Records shown.
*****

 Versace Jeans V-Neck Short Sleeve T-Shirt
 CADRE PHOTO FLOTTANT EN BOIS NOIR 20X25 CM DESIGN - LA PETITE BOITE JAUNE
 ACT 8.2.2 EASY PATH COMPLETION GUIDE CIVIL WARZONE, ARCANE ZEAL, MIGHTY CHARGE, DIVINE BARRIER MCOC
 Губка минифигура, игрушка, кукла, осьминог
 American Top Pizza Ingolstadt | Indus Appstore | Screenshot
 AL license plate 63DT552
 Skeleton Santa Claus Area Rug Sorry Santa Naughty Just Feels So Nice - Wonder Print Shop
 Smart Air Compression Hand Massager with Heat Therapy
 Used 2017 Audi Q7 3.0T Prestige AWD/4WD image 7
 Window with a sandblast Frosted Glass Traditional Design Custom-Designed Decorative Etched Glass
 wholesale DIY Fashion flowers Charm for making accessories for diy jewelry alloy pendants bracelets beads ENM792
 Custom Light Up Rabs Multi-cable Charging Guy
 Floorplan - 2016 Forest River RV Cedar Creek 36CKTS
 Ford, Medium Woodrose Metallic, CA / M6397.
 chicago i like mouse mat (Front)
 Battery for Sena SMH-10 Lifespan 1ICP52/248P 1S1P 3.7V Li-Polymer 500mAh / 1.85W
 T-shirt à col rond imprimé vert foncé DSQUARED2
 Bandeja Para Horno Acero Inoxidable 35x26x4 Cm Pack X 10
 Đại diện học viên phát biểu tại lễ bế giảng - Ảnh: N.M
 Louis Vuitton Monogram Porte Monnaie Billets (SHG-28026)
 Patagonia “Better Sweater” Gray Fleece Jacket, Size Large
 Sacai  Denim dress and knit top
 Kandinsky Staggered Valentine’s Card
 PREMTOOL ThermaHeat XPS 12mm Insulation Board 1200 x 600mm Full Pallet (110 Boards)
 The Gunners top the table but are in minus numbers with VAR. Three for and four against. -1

*****

About this task. Each line of the data that contains "Custom" belongs in the answer.

Reply to the exercise.
 Window with a sandblast Frosted Glass Traditional Design Custom-Designed Decorative Etched Glass
 Custom Light Up Rabs Multi-cable Charging Guy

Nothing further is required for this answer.